The Pharmacy Council’s Competence Standards 03.2.1 (in regard to dispensing medicines) states:
“Maintains a logical, safe and disciplined dispensing procedure.”
[1] Omeprazole reduces stomach acid.
[2] Colic describes the frequent or prolonged crying or fussing of an otherwise healthy baby for no clear reason.
[3] Methadone, a synthetic opioid, is a controlled drug used to help people who are addicted to opioid drugs. Some patients on a methadone treatment programme are required to consume their daily dose of oral methadone under supervision (often at a pharmacy).
[4] Pharmacist A is also the owner and a director of the company that operates the pharmacy.
[5] An area dedicated to the dispensing of prescription medications.
[6] Compounding is the preparation of a custom formulation of a medication to fit a unique need of a patient that cannot be met with commercially available products.

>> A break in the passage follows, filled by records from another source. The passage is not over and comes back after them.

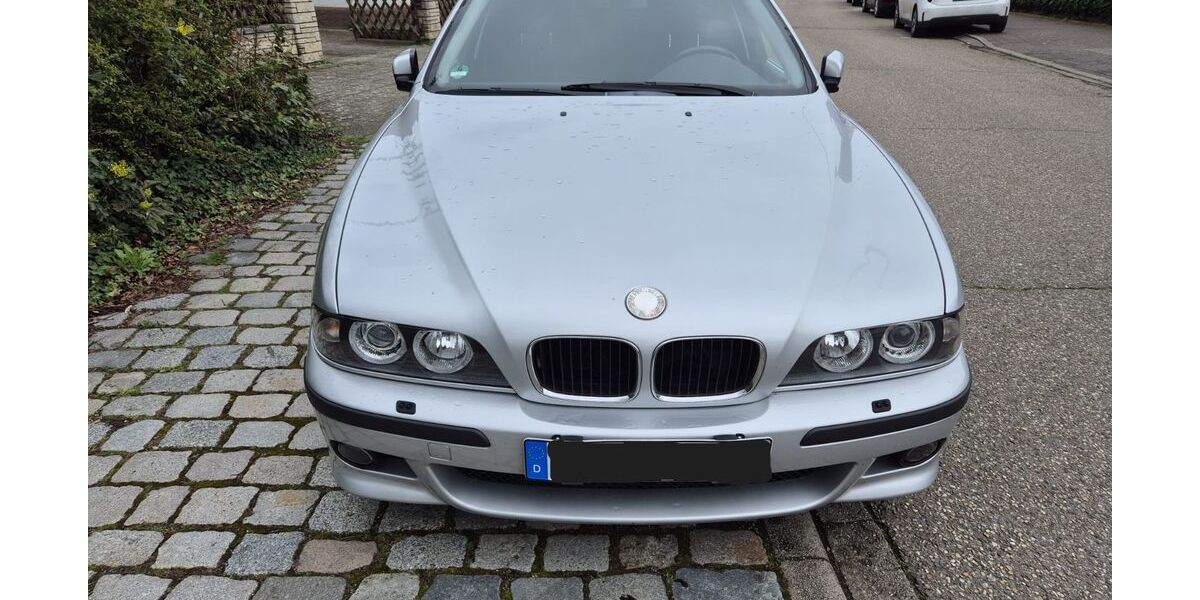 BMW 528 242.682 km 4.500 &euro; Karlsruhe 76189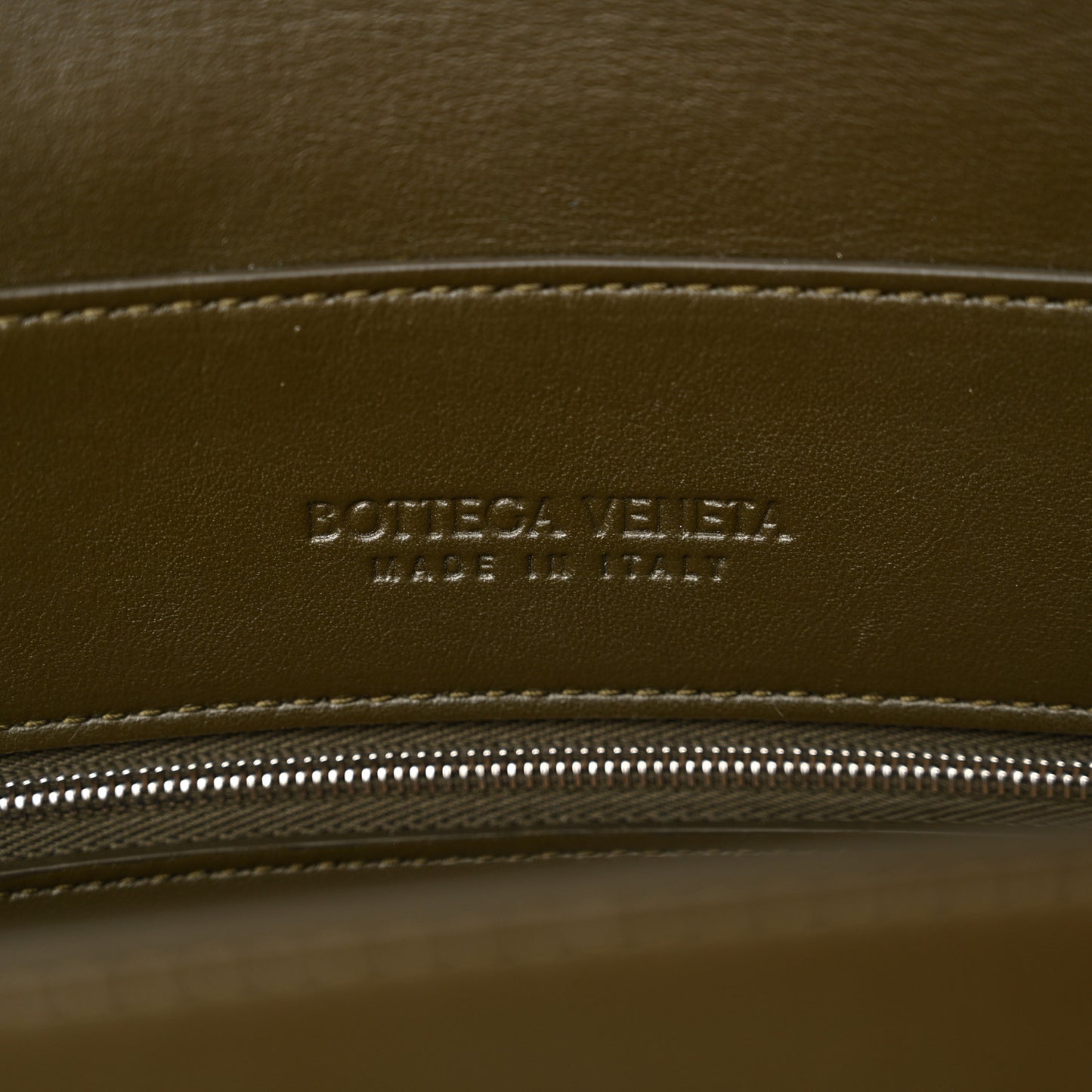 Calfskin Intrecciato Medium Andiamo Messenger Bag Kaki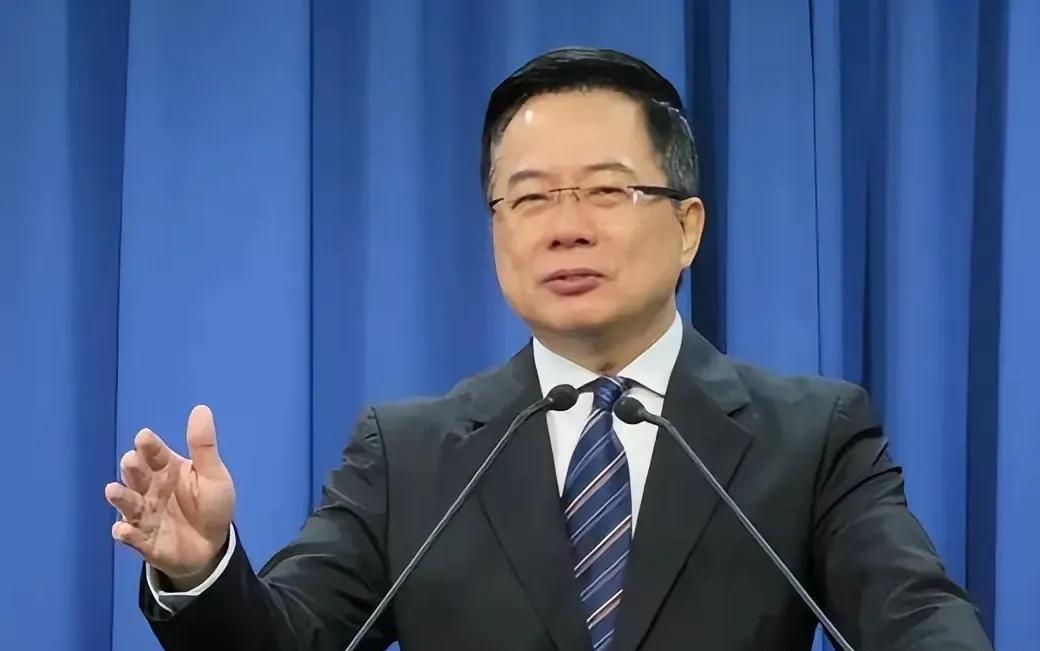 岛内这两天有个民调数据挺有意思，说超过八成民众反对“武统”。这话题一出来，某些人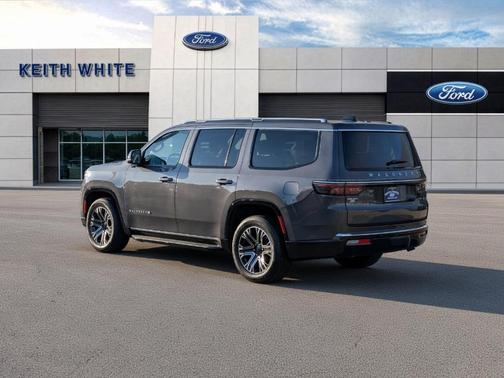 Metallic 2024 Jeep Wagoneer Base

[7] An area in the pharmacy designated to the compounding of medications.
[8] In response to the provisional opinion, Mrs B submitted that she gave Baby B the omeprazole closer to 1.00pm.
[9] A non-profit, pharmacist support organisation. Membership is designed to provide assistance to pharmacists in the event of professional indemnity, public liability, and statutory liability claims.
[10] A type of bottle used by pharmacists to package liquid medication.
[11] Right 4(1) states: “Every consumer has the right to have services provided with reasonable care and skill.”
[12] A technician who is trained to check dispensed items against the prescription prior to final release to the consumer.
[13] The requirement in SOP D11 to store controlled drug prescriptions in snap lock bags in a locked safe was not included in the version of the SOP in place at the time of the dispensing error. This requirement was added to the SOP in July 2018.